WANDB and HuggingFace credentials

We will store the API keys within our directory in a folder that only our user will have access to. Both the wandb and Hugging Face API keys will be stored in a .txt file within this protected folder.

# SSH terminal

cd /mnt/light/scratch/users/$GASPAR_USER
mkdir keys
cd keys
touch hf_key.txt
touch wandb_key.txt
chmod 700 -R ../keys/
  • For Huggingface: you can create a new access token at https://huggingface.co/settings/tokens. Put this token in the file hf_key.txt
  • For WANDB: you can access your tokens at https://wandb.ai/settings. Scroll down to "API keys". Put this token in the file wandb_key.txt

Github credentials

To carry out the automatic login to GitHub, we will need to store our git identification (.gitconfig) and our access credentials (.git-credentials), which in this case we will do using a Personal Access Token.

To do this, we will need to set the environment variable $HOME to the personal folder we have created and activate the credential helper that will store our access credentials.

# SSH terminal

export HOME=/mnt/light/scratch/users/$GASPAR_USER
git config --global credential.helper store

Then we will configure our git identification, specifying a username and email address.

# SSH terminal

git config --global user.name "GITHUB_USERNAME"
git config --global user.email "MY_NAME@example.com"

Create a Personal access token. Select Generate new token and the classic option. Give every permissions to this token.

Finally, we will execute an action that requires our identification on GitHub to enter our access credentials and store them (e.g. Clone a private repository). When prompted for the password, we will enter the Personal Access Token that we created:

# SSH terminal

git clone https://github.com/OpenMeditron/MultiMeditron.git

If you were able to clone the repo, then your setup is correct.

Remote VSCode configuration

We will store the configurations related to VSCode in a folder in the scratch volume so that we don't have to download them every time we start a new container.

# SSH terminal

mkdir /mnt/light/scratch/users/$GASPAR_USER/.vscode-server

3. Setup runai and kubectl on your machine

IMPORTANT: The setup below was tested on macOS with Apple Silicon. If you are using a different system, you may need to adapt the commands.
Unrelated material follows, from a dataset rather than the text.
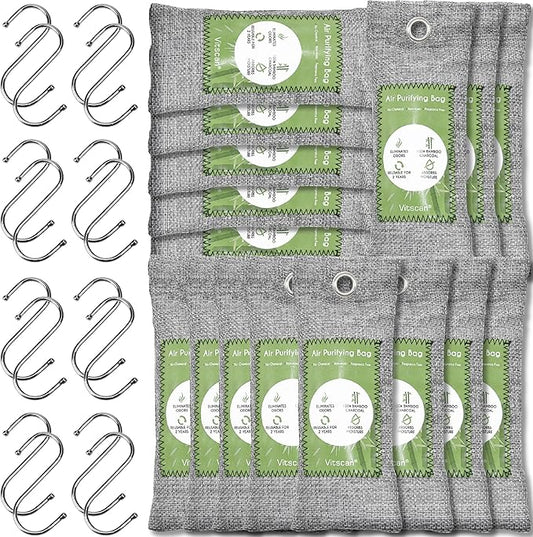 16 Pack Bamboo Charcoal Air Purifying Bag, Activated Charcoal Bags Odor Absorber by VITSCAN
For Windows, we have no experience with the setup and thereby recommend WSL (Windows Subsystem for Linux) to run the commands. If you choose WSL, you should choose the commands as if you were running Linux.

Install kubectl

# Your terminal (either WSL, Linux or Mac)
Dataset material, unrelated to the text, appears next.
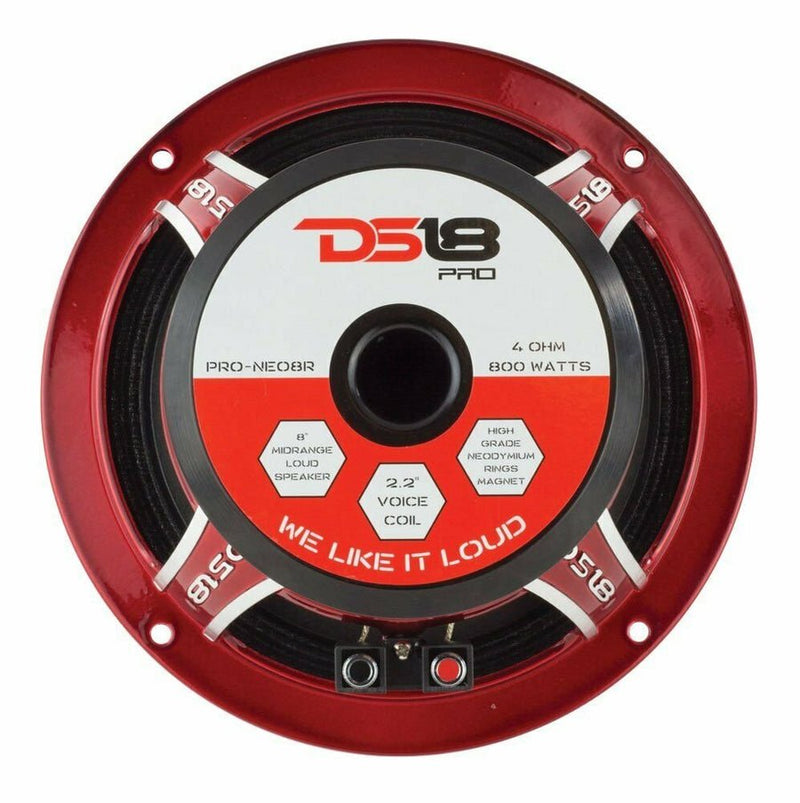 DS18 8" Midrange Loudspeaker Red Aluminum Basket 4 Ohms 800W - New Open Box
curl -LO "https://dl.k8s.io/release/v1.29.6/bin/darwin/arm64/kubectl"
# Linux: curl -LO "https://dl.k8s.io/release/v1.29.6/bin/linux/amd64/kubectl"

# Give it the right permissions and move it.
chmod +x ./kubectl
sudo mv ./kubectl /usr/local/bin/kubectl
sudo chown root: /usr/local/bin/kubectl

Setup the kube config file: Take our template file kubeconfig.yaml as your config in the home folder ~/.kube/config. Note that the file on your machine has no suffix.

# Your terminal

mkdir ~/.kube/
curl -o  ~/.kube/config https://raw.githubusercontent.com/epfml/getting-started/main/kubeconfig.yaml

Install the run:ai CLI for RCP (two RCP clusters):

# Your terminal

# Download the CLI from the link shown in the help section.
# for Linux: replace `darwin` with `linux`
wget --content-disposition https://rcp-caas-prod.rcp.epfl.ch/cli/darwin
# Give it the right permissions and move it.
chmod +x ./runai
sudo mv ./runai /usr/local/bin/runai
sudo chown root: /usr/local/bin/runai

4. Login

The RCP is organized into a 3 level hierarchy. The department is the laboratory (e.g. LIGHT or MLO). The projects determine which scratch (aka persistent storage) we have access to. Note that you should choose the SSO option when executing runai login.

# Your terminal

runai config cluster rcp-caas
runai login
runai list project
runai config project light-$GASPAR

5. Submit a job

Time to test if we can submit a job! This command will allocate 1 GPU from the cluster and "sleep" to infinity (meaning that it will do essentially nothing)

# Your terminal

runai submit \
  --name meditron-basic \
  --image registry.rcp.epfl.ch/multimeditron/basic:latest-$GASPAR\
  --pvc light-scratch:/mloscratch \
  --large-shm \
  -e NAS_HOME=/mloscratch/users/$GASPAR \
  -e HF_API_KEY_FILE_AT=/mloscratch/users/$GASPAR/keys/hf_key.txt \
  -e WANDB_API_KEY_FILE_AT=/mloscratch/users/$GASPAR/keys/wandb_key.txt \
  -e GITCONFIG_AT=/mloscratch/users/$GASPAR/.gitconfig \
  -e GIT_CREDENTIALS_AT=/mloscratch/users/$GASPAR/.git-credentials \
  -e VSCODE_CONFIG_AT=/mloscratch/users/$GASPAR/.vscode-server \
  --backoff-limit 0 \
  --run-as-gid 84257 \
  --node-pool h100 \
  --gpu 1 \
  -- sleep infinity

Explanation:

  • name is the name of the job
  • image is the link to the docker image that will be attached to the cluster
  • pvc determines which scratch will be mounted to the job. The argument is of the form: name_of_the_scratch:/mount/path/to/scratch. Here the we are mounting the scratch named light-scratch to the local path /mloscratch This is part may cause an error because of the LIGHT migration
  • gpu is the number of GPU that you want to claim for this job (larger amount of GPU will be harder to get as ressources are limited)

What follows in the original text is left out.